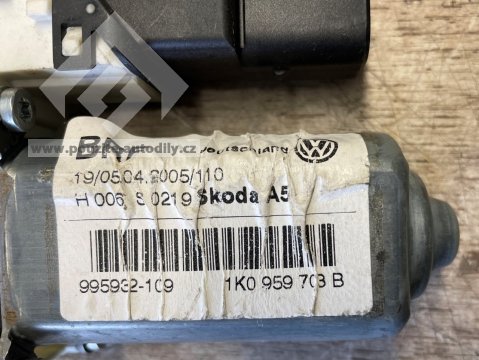 1K0959703B Motor spouštění oken vzadu vlevo Škoda Octavia 1Z 04-08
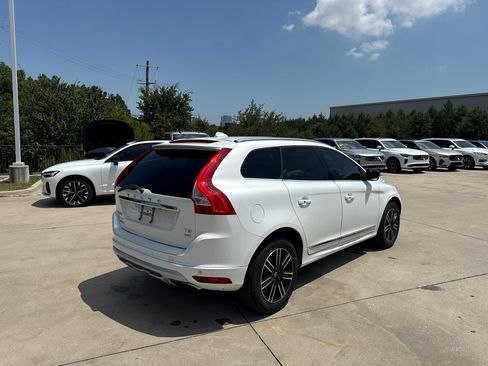 Used 2017 Volvo XC60 T5 Dynamic w/ Preferred Option Package AWD/4WD image 5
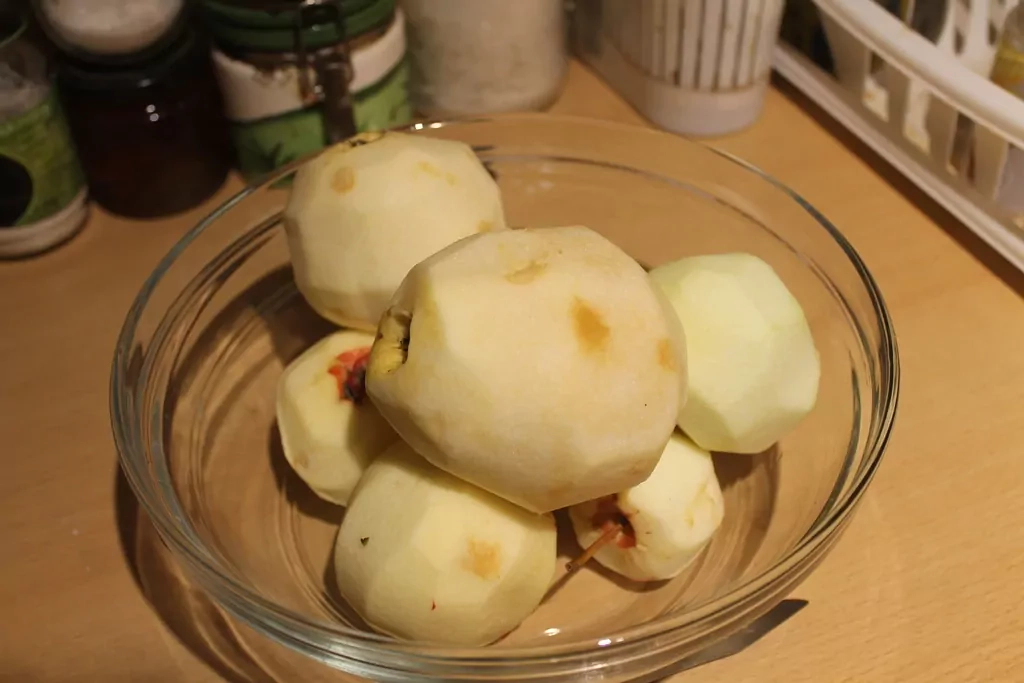 Siltais ābolu pīrāgs ar mannu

*TASK STATEMENT*.
Reproduce the material word for word. Any pictures should be left out of the copy.

*RESPONSE FOR THIS EXERCISE*.
 1K0959703B Motor spouštění oken vzadu vlevo Škoda Octavia 1Z 04-08
 Used 2017 Volvo XC60 T5 Dynamic w/ Preferred Option Package AWD/4WD image 5
 Siltais ābolu pīrāgs ar mannu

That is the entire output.